Not complicated but it can be a little subtle. For a general exposition which handles first and second-order transforms in context of all the other “easy“ transforms, I recommend Gustafsson and Hendeby (2012), which as a bonus proves some things which look obvious are not, in fact, obvious to prove, and disproves some things which looked obvious to me. Arras (1998) is also good.

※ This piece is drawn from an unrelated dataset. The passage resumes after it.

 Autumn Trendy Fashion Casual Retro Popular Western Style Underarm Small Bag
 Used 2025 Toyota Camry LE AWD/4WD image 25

Consider a general nonlinear differentiable transformation \(g\) and its second order Taylor expansion. We apply \(g:\mathbb{R}^{n_{x}}\to\mathbb{R}^{n_{z}}\) to a variable \(x,\) defining \(z:=g(x).\) Let \(\mathrm{E}(x)=\mu_{x}\) and \(\operatorname{Var}(x)=P_{x}.\) The Hessian of the \(i^{\text {th }}\) component of \(g\) is denoted \(g_{i}^{\prime \prime}.\) \([x_i]_i\) is a vector where the \(i\)th element is \(x_i\). We will approximate \(z\) using the Taylor expansion, \[z=g\left(\mu_{x}\right)+g^{\prime}\left(\mu_{x}\right)\left(x-\mu_{x}\right)+\left[\frac{1}{2}\left(x-\mu_{x}\right)^{T} g_{i}^{\prime \prime}\left(\mu_{x}\right)\left(x-\mu_{x}\right)\right]_{i}.\] Leaving aside questions of when this is convergent for now, and assume it is. Then we assert \(z\sim\mathcal{N}(\mu_z,P_z)\). The first moment of \(z\) is given by \[ \mu_{z}=g\left(\mu_{x}\right)+\frac{1}{2}\left[\operatorname{tr}\left(g_{i}^{\prime \prime}\left(\mu_{x}\right) P_{x}\right)\right]_{i} \] Further, let \(x \sim \mathcal{N}\left(\mu_{x}, P_{x}\right)\), then the second moment of \(z\) is given by \[ P_{z}=g^{\prime}\left(\mu_{x}\right) P_{x}\left(g^{\prime}\left(\mu_{x}\right)\right)^{T}+\frac{1}{2}\left[\operatorname{tr}\left(g_{i}^{\prime \prime}\left(\mu_{x}\right) P_{x} g_{j}^{\prime \prime}\left(\mu_{x}\right) P_{x}\right)\right]_{i j} \] with \(i, j=1, \ldots, n_{z}.\)

This approach is finite dimensional, but it also generalises to Gaussian processes, in that we can, at any finite number of test locations, once again find a first order approximation. See the [non-parametric case][#nonparametric].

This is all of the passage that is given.